Remarks and a question-and-answer session at Kramer Junior High School

Weekly Compilation of Presidential Documents, Feb 7, 1994

I came here, more than anything else today, to say I don't want you ever to give up on yourselves. I don't intend to give up on you as long as I am President. I'm going to keep working for better education, safer streets, and a brighter future, but it's for your life. And no matter what I do, I can't live your lives for you. No matter whether we do the right or the wrong things in public life, we can't live your lives for you. You have to do that. Every day you have to decide whether you're going to be here on time with a good attitude, learning as much as you can. Every day you have to decide whether the future is what happens to you 30 minutes from now or what happens to you 10 or 20 years from now. Every day you have to decide what you believe, what you care about, and what kind of person you're going to be.

I'm doing what I can to make the future better for you. Even as we are here today, the United States Congress is debating a bill that the Secretary of Education, Secretary Riley, introduced with my administration called Goals 2000. It embodies some ideas I have been working on for years and years, ever since I was a Governor. And I think it's fair to say that I have probably spent more time in public schools like this one all over America, as well as in my own State, than any person ever elected President. I have listened to teachers, I have listened to principals, and I have listened to students, not for just a year but for more than a decade.

What this legislation that Congress is debating does is to try to establish what kind of education every child needs in every school. It sets out some goals that will guarantee that if we reach them, all of our young people, wherever they are, whether they come from poor families or middle class families or wealthy families, if their schools work right, they'll be prepared to compete and to win in the 21st century.

One of those goals says by the year 2000, every school in America will be free of drugs and violence and will offer a disciplined environment conducive to learning. No one should have to go to school afraid, and no school should operate in a way that makes learning impossible. But the truth is that while we have some legislation up there to make our schools safer, you have a lot to do with what goes on in this school and whether the environment is good for learning.

Another goal says that by the year 2000 the high school graduation rate will increase to at least 90 percent. That's the international standard. Another says that every adult should possess the knowledge and the skills needed to get and keep a good job, a job as good as people have in other countries.

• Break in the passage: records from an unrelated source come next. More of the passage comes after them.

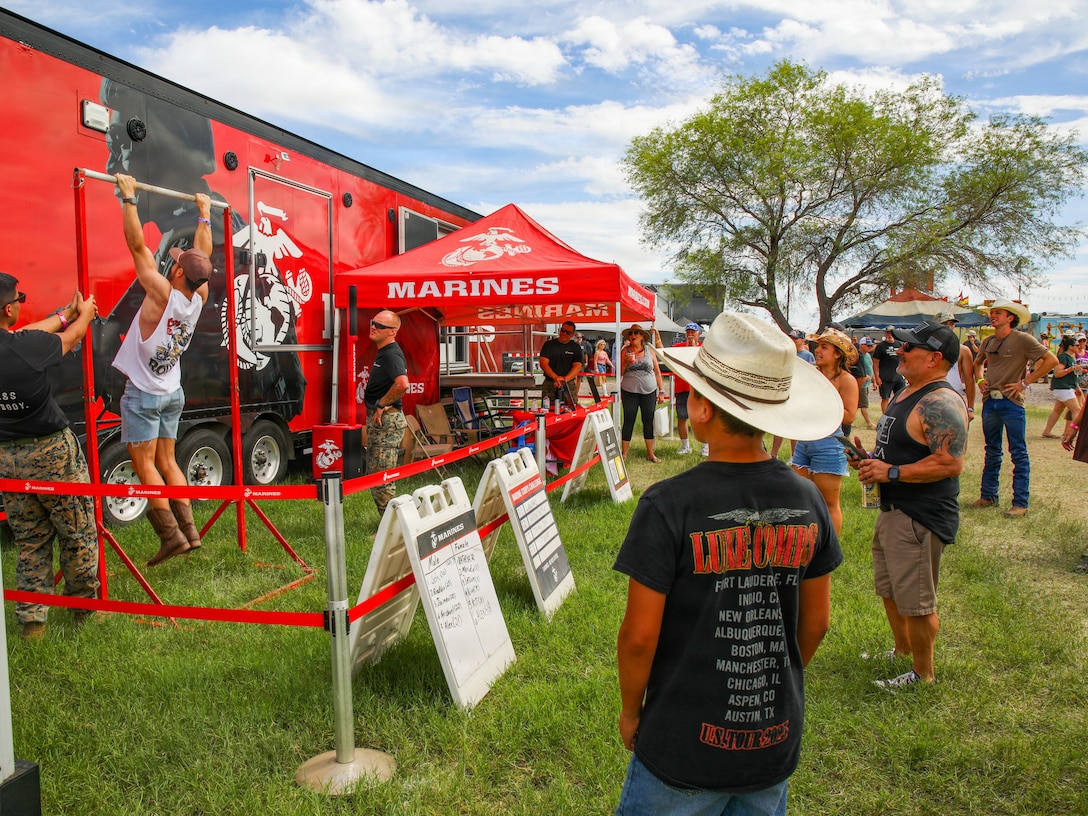 U.S. Marines with 8th Marine Corps District, Western Recruiting Region, interact with attendees during the Country Thunder Music Festival, in Florence, Ariz. April, 10, 2026. Country Thunder is a music festival that hosts several concerts and brings in 35,000 people per day. Arizona Marines utilized the pull-up bar to engage with event attendees and talk to them about Marine Corps career opportunities. (U.S. Marine Corps photo by Lance Cpl. Abram Maestre)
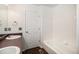 Bright bathroom with white tiled walls, dark wood flooring, and a modern vanity at 5479 Lost Meadow Trl, Castle Rock, CO 80104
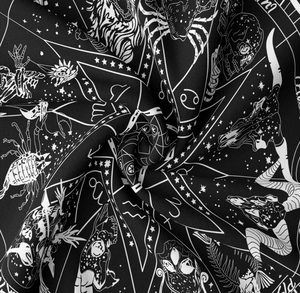 Detailed view of sun and moon tapestry fabric with celestial zodiac signs and symbols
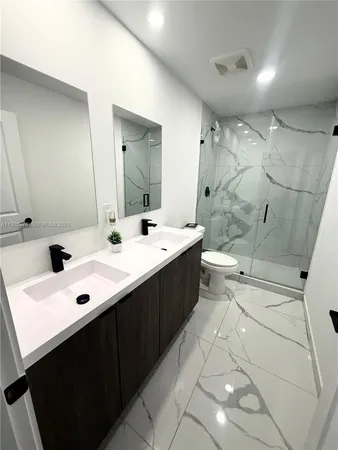 a kitchen with refrigerator and cabinets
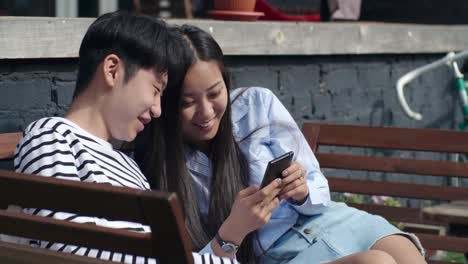 Asiatische-Teenager-Paar-mit-Smartphone-und-Lachen-im-freien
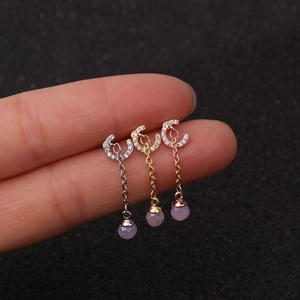 Three surgical steel earrings in silver, gold, and rose gold with pink zircon drop beads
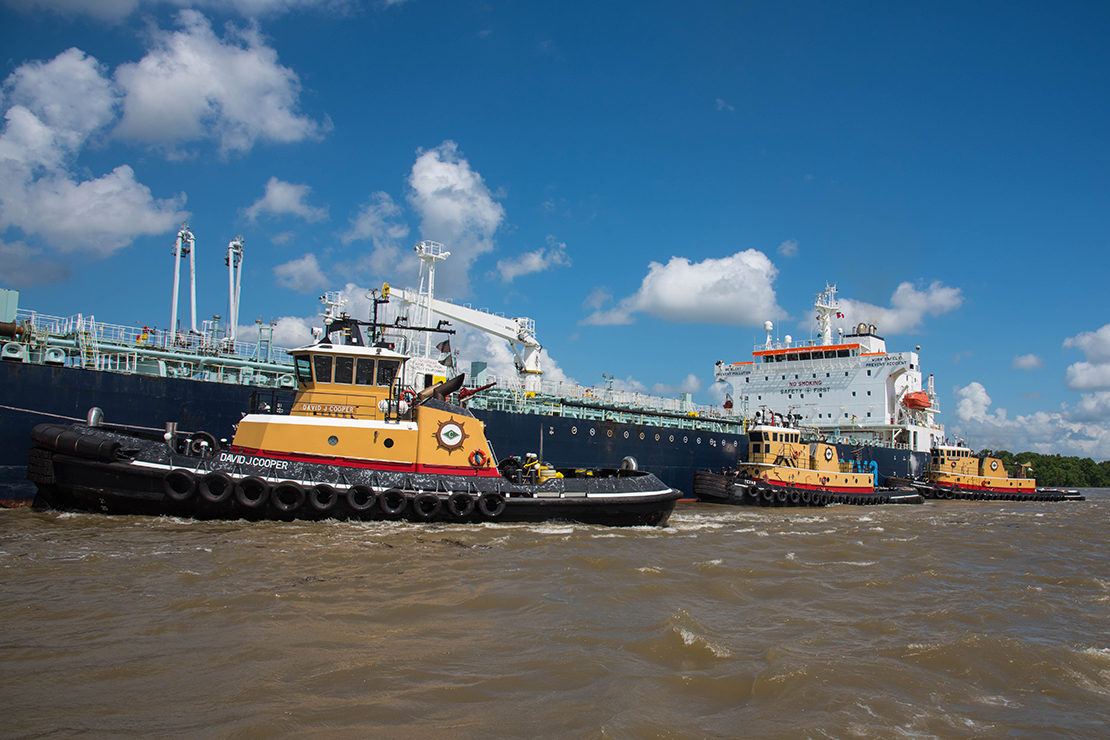 Three yellow and black tugboats providing tug escort to large, blue marine vessel on the Mississippi River near New Orleans.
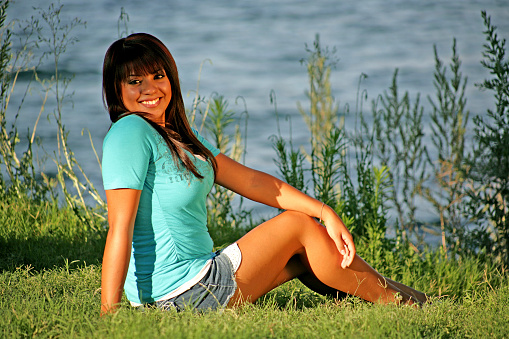 Beautiful Hispanic girls seated on the grass by the water.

When I drive up and down streets in some neighborhoods in this country and I see grown people standing on the street without work, it breaks my heart. And I know a lot of them would like to go to work, and I know a lot of them don't get work in part because they don't have a good education. These goals, all of these goals, are critical to your future. I want to start with the last one. When I was your age, the unemployment rate in this country was 3 percent, more or less. When I graduated from high school, I knew a lot of people who dropped out of high school. I mean, that was a long time ago, lots of folks didn't finish school. But I didn't know a soul, black or white, with or without an education, who wanted a job who didn't have one. That's the literal truth when I was 17. That's the economy we had then. That was the reality then. Everybody I knew who was willing to work could find work.